THE RECORDS —
········

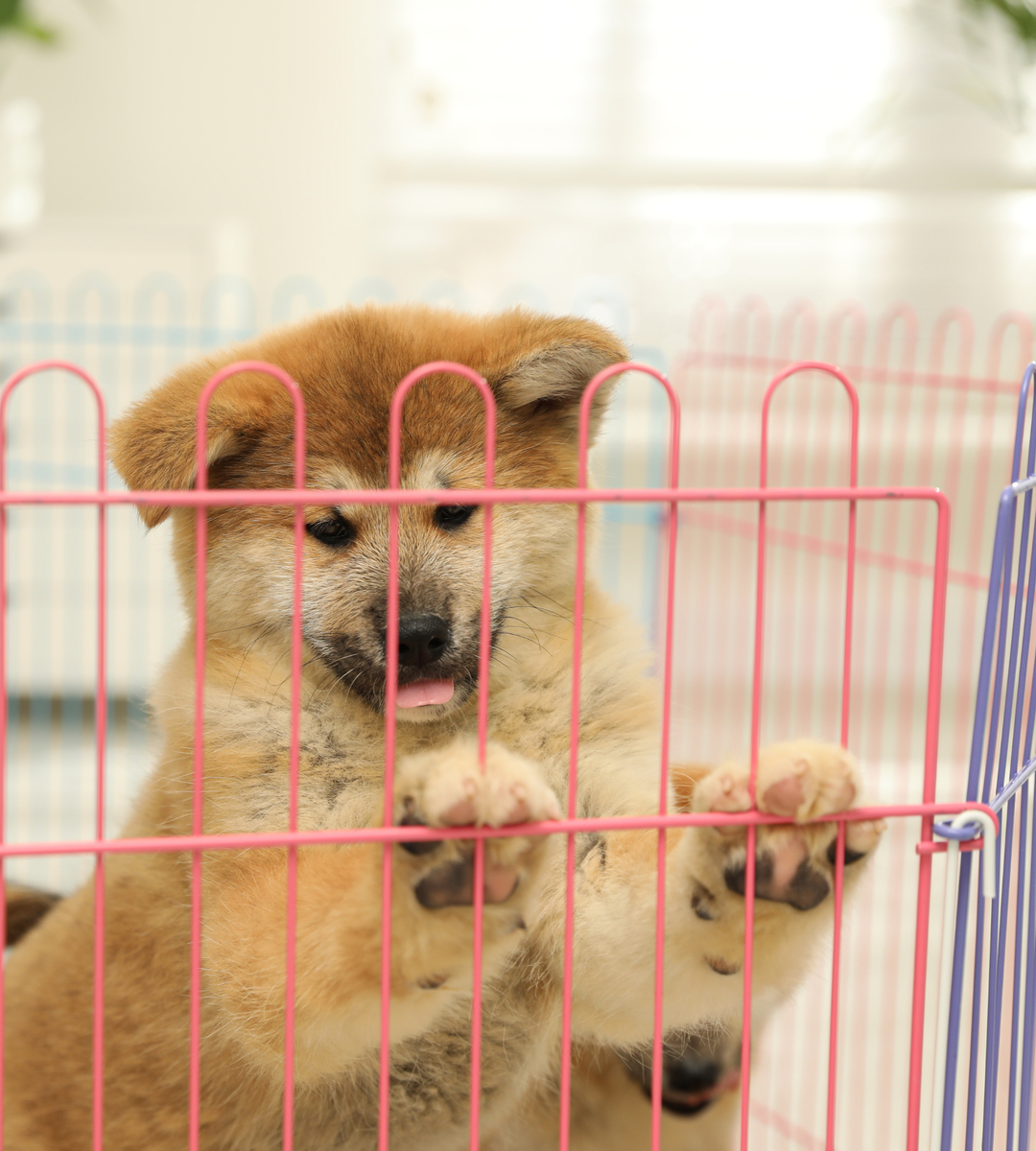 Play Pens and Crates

········

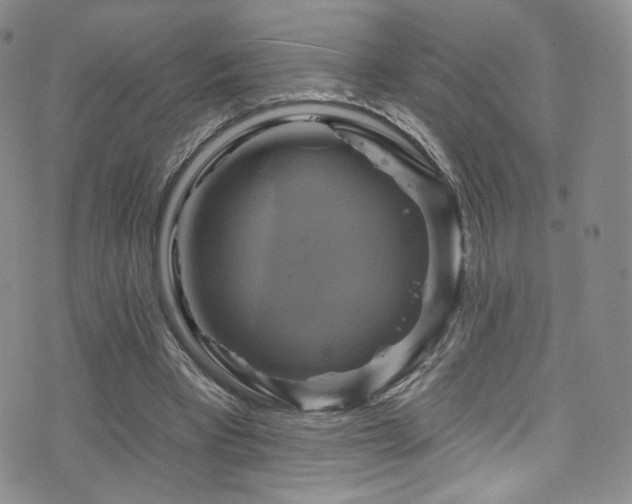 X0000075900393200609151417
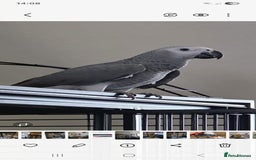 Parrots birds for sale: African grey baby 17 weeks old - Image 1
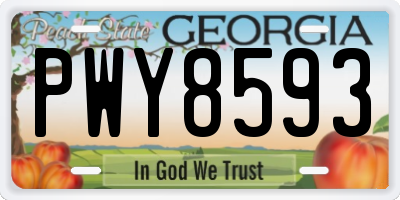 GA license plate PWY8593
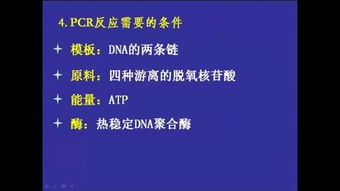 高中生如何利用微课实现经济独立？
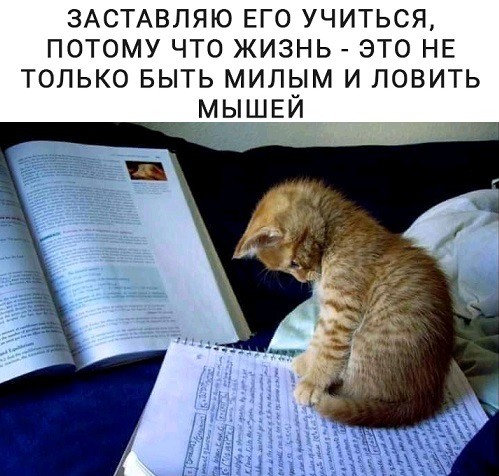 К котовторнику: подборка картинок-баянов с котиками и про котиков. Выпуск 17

········

TASK TO CARRY OUT — In the listing above, find the line with "X0000075900393200609151417" and the line with "К котовторнику: подборка". Set down both and every line between them, minus the pictures.

SOLUTION BELOW —
 X0000075900393200609151417
 Parrots birds for sale: African grey baby 17 weeks old - Image 1
 GA license plate PWY8593
 高中生如何利用微课实现经济独立？
 К котовторнику: подборка картинок-баянов с котиками и про котиков. Выпуск 17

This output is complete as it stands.